Table 5 shows the performance of the proposed model in different cross-domain node classification tasks. The findings lead to the following conclusions: (1) Compared with the single-domain prediction results in Table 3, it is clear that the cross-domain model proposed in this paper has better prediction results for specific CHD tasks (all-cause death, cardiac function, and Mace occurrence). Overall, the performance of each metric is improved; (2) different source domains have different effects on the target domain migration. For the D dataset, the knowledge provided by H was more helpful for the Recall metric, while M corresponded to the AUC metric. For the H dataset, the knowledge provided by D is more helpful for AUC and Recall metrics, while M corresponds to Precision and Accuracy. For the M dataset, the knowledge provided by D is more helpful for F1 score and Recall metrics, while H corresponds to Precision; (3) Since adversarial domain adaptation in model training tries to find an optimal solution method, both continuously reducing the source and target classifier differences and keeping each classifier trained optimally on its respective target task, it is also improving the source domain performance when improving the target domain.

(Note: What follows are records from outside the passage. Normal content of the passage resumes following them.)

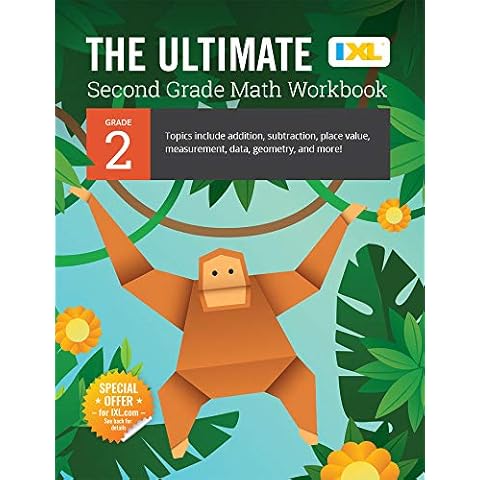 IXL | The Ultimate Grade 2 Math Workbook Cover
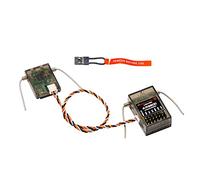 Récepteur 2,4 G DS-M2 AR6200 + satellite pour Spektrum Spek Generic DX6i DSM2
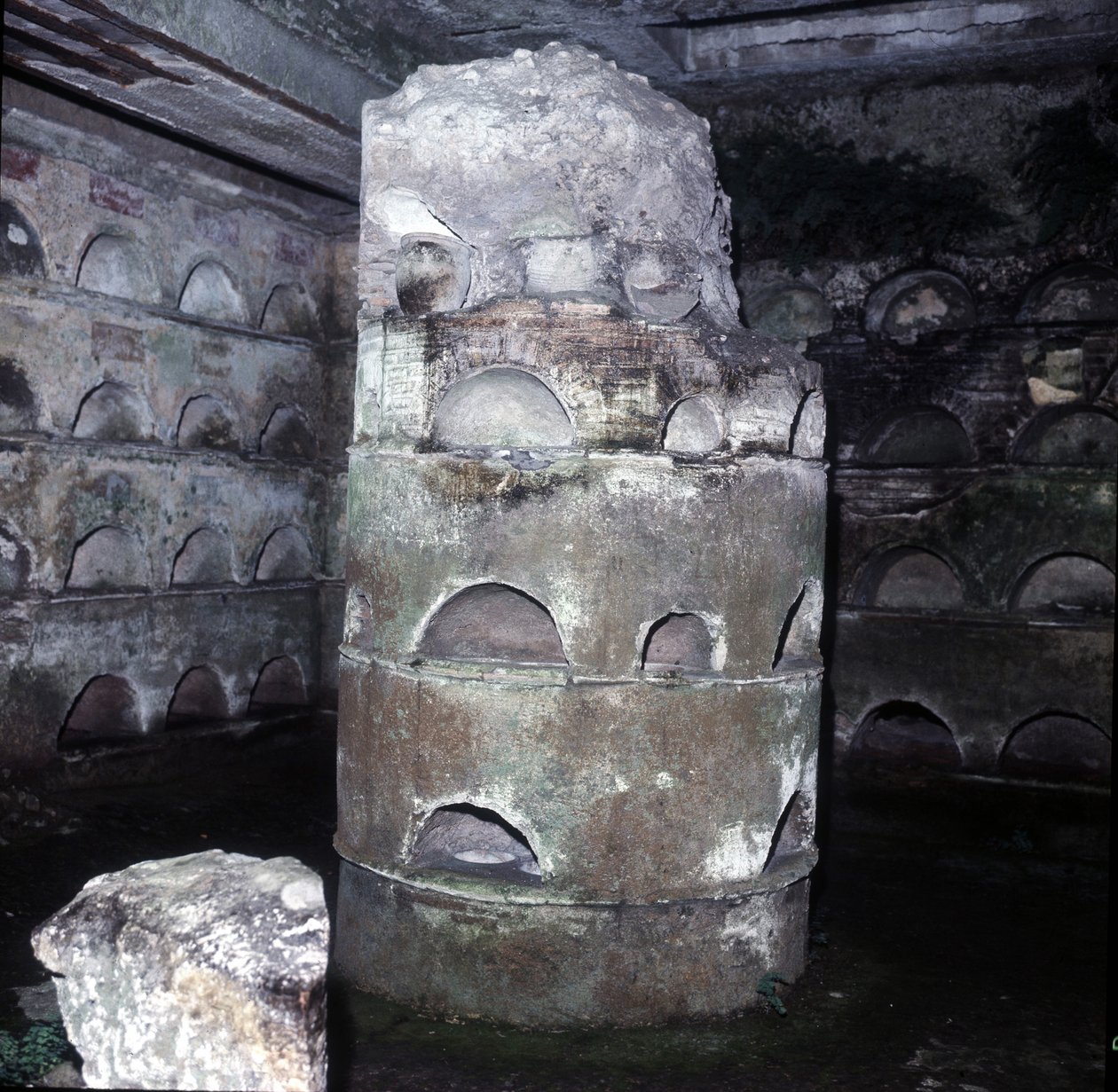 Columbarium - Tombe des Scipions à Rome - Roman
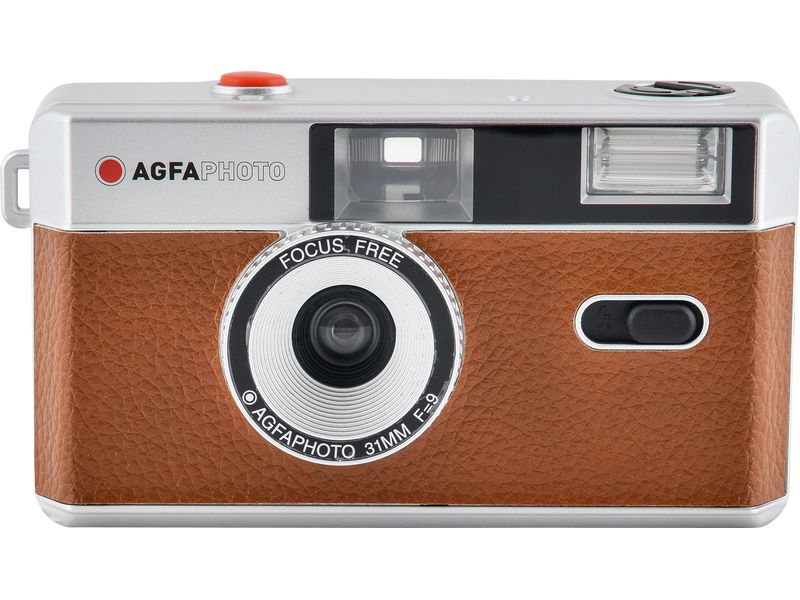 Agfa Analogkamera 35 mm - Braun Wiederverwendbare 35 mm Analogkamera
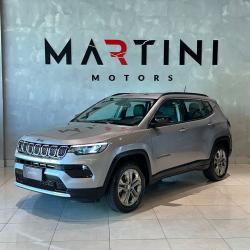 JEEP Compass 1.3 16V 4P FLEX LONGITUDE T270 TURBO AUTOMTICO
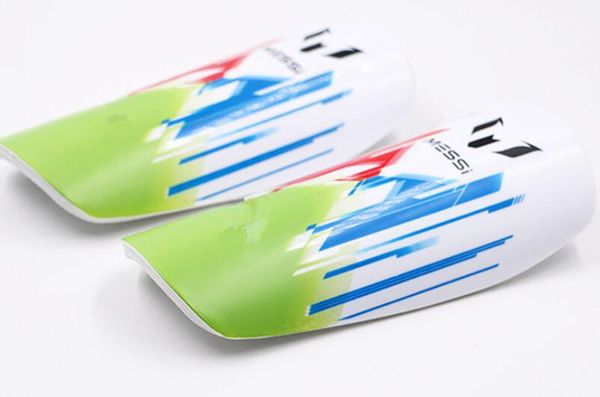 

messi shinguard european championship falcon board football shinguard youth shinguard football leg guards training sports safety, Black;gray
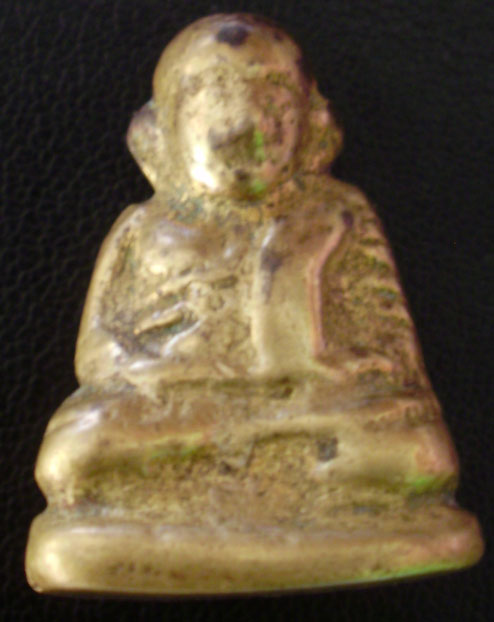 หลวงพ่อเงิน ก้นอุเล็ก วัดห้วยเขน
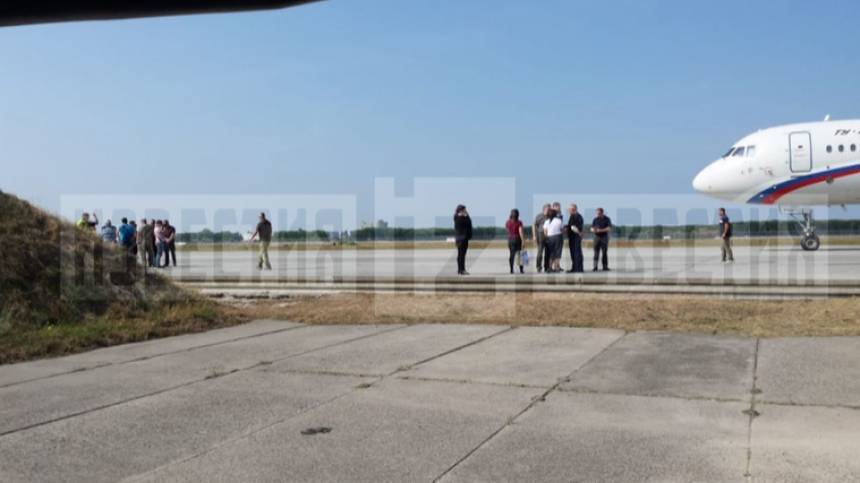 Самолет с задержанными на Украине гражданами РФ в рамках обмена вылетел в Москву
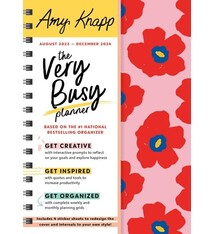 Mary Engelbreit's 12-Month 2024 Monthly Pocket Agenda Calendrier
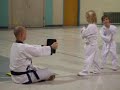 Karate lesson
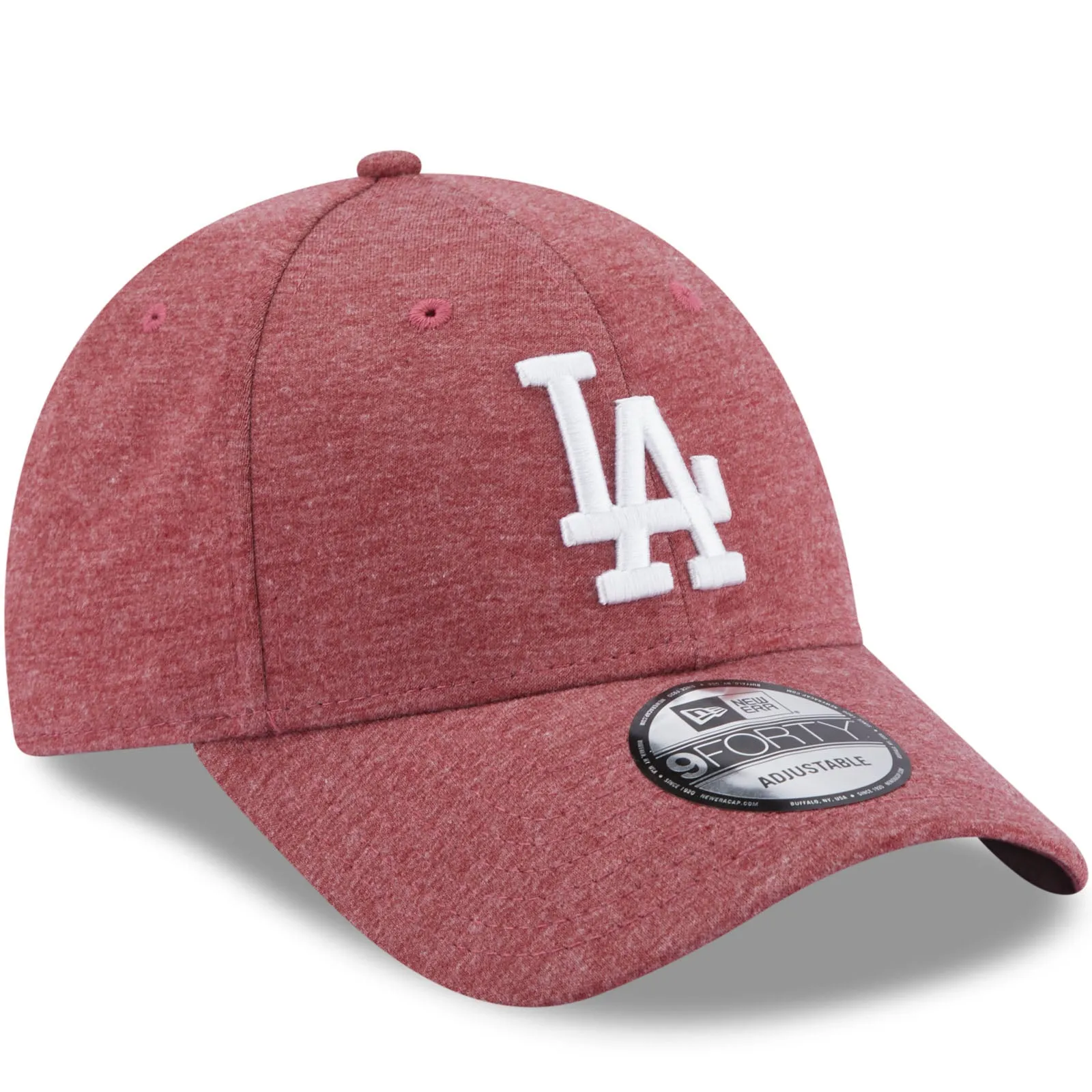 New Era Los Angeles Dodgers MLB 9FORTY Baseball Cap - Cardinal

The results show that by jointly modeling the consistency relationships of each graph, domain information, source domain information, and target domain information into a unified learning framework, the proposed DAMGCN can better capture the underlying representation of graph nodes and reduce the distribution gap across domains.
Table 6 summarizes the graph neural network models used in the paper and their different variants, where the symbolic √ representation algorithm utilizes the corresponding information. The specific analysis will be presented in the next part.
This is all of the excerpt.